In the listing below, the lines starting at the line with "7833 Vine St, Littleton, CO 80122-3138" and ending at the line with "Pronájem bytu 2+kk 45 m² – fotografie 3" are to be output verbatim. Images stay out of the copy.

## SUPPLIED RECORDS
▼

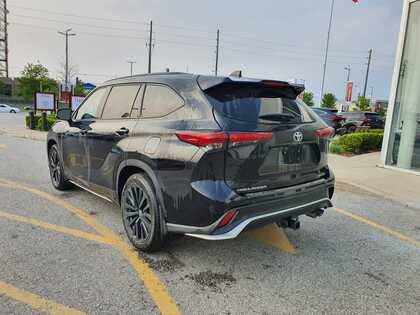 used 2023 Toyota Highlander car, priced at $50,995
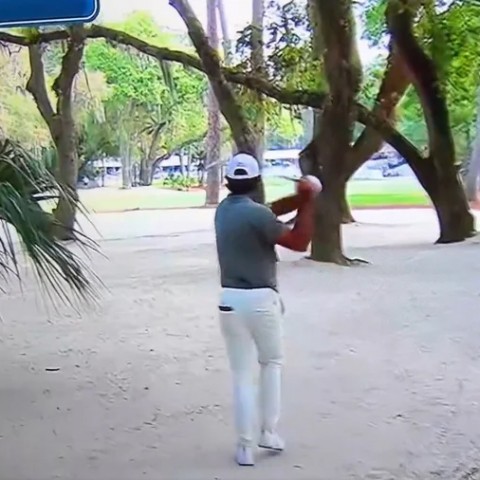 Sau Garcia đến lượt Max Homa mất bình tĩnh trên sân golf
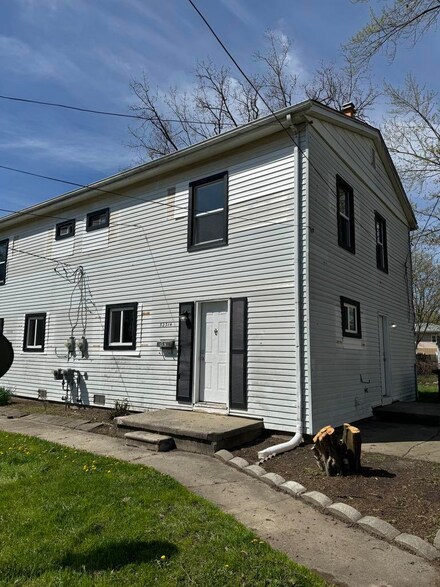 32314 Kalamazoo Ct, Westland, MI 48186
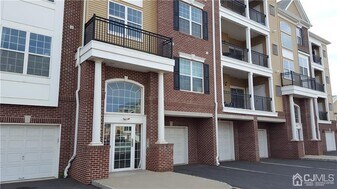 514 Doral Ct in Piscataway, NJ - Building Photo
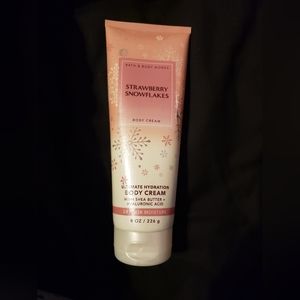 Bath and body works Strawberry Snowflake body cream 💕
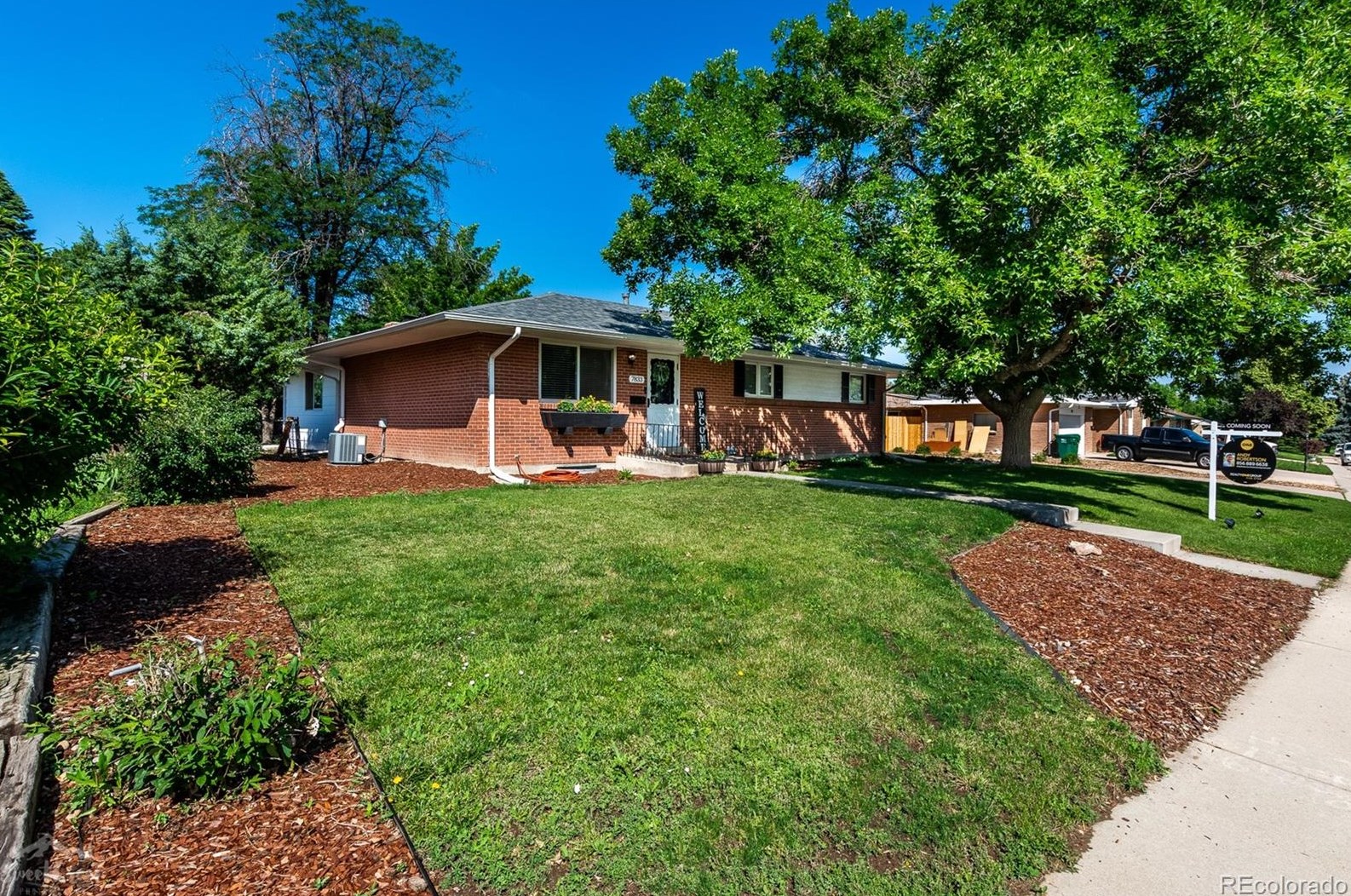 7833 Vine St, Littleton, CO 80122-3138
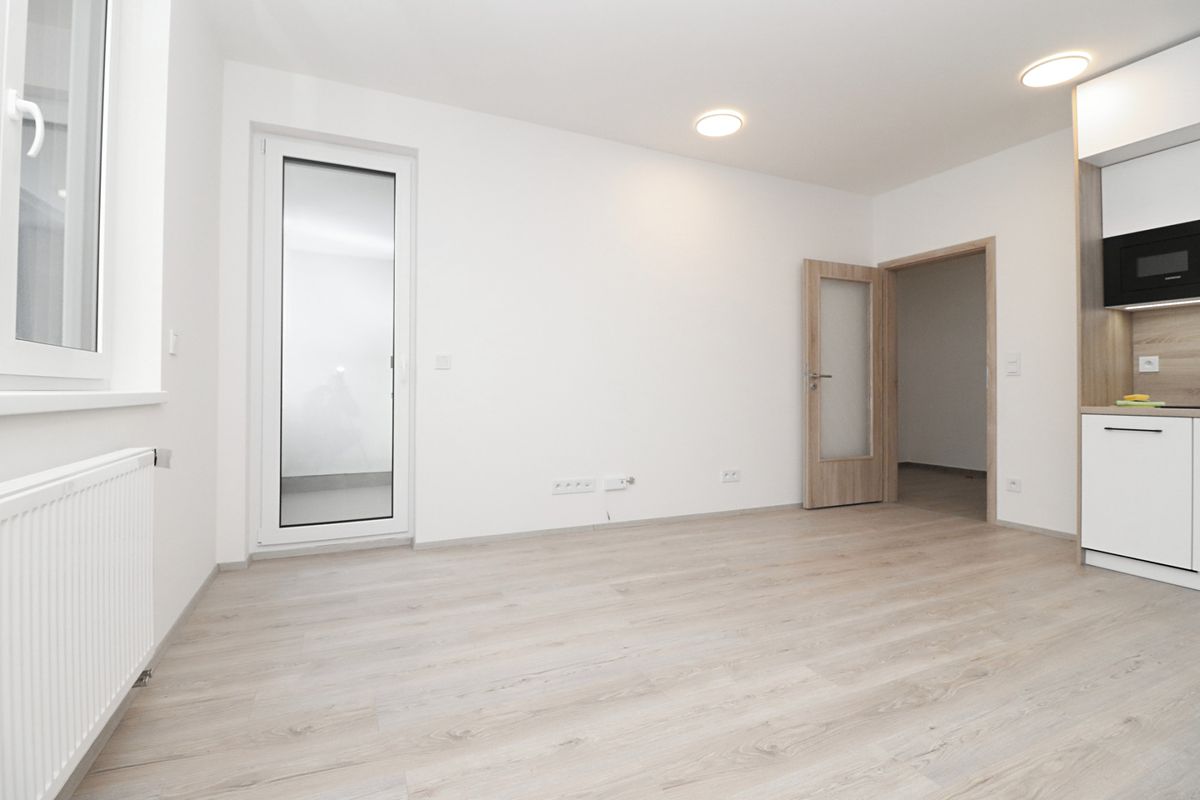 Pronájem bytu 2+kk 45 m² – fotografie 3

▲
▼

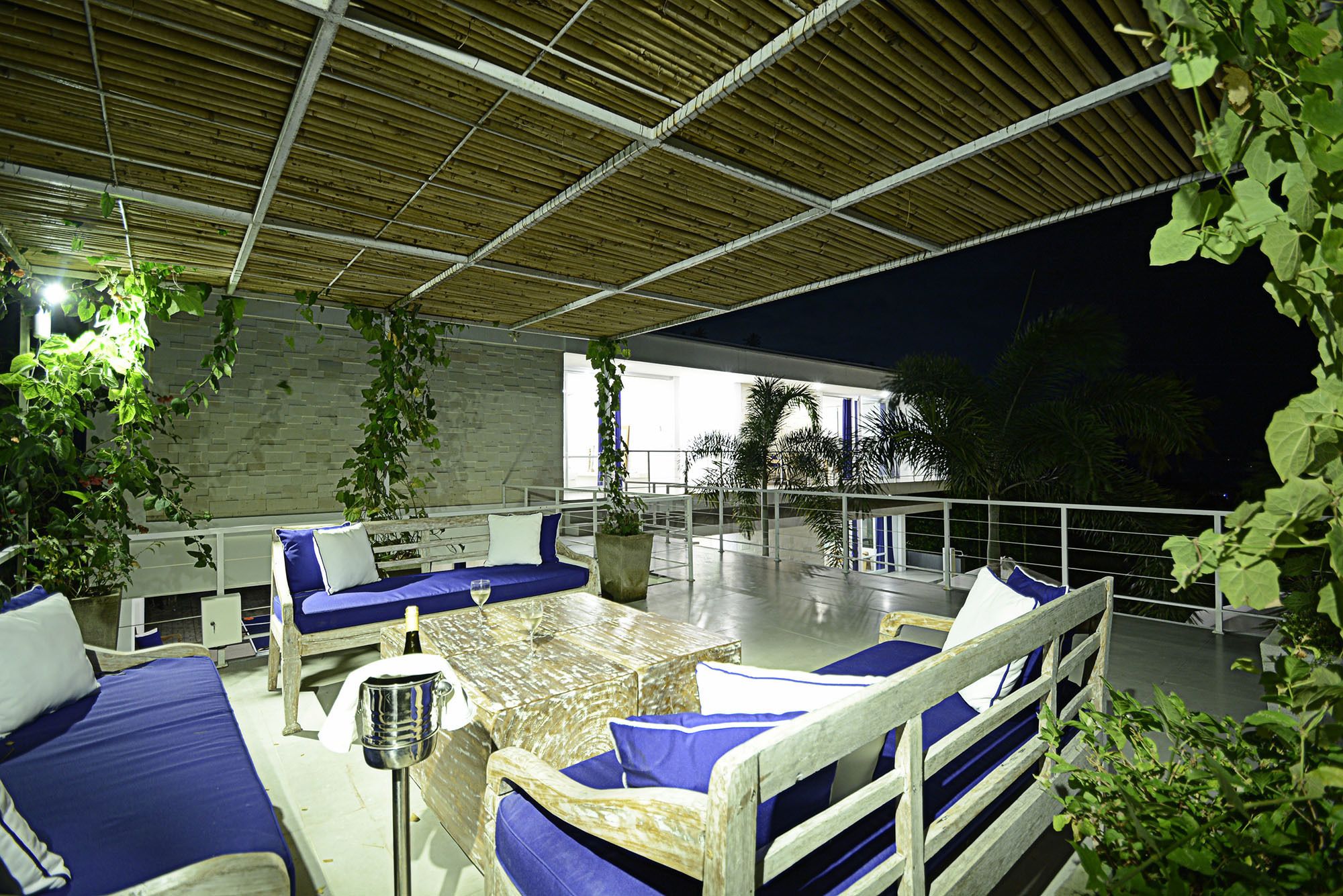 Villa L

▲

## TASK SOLUTION
 7833 Vine St, Littleton, CO 80122-3138
 Pronájem bytu 2+kk 45 m² – fotografie 3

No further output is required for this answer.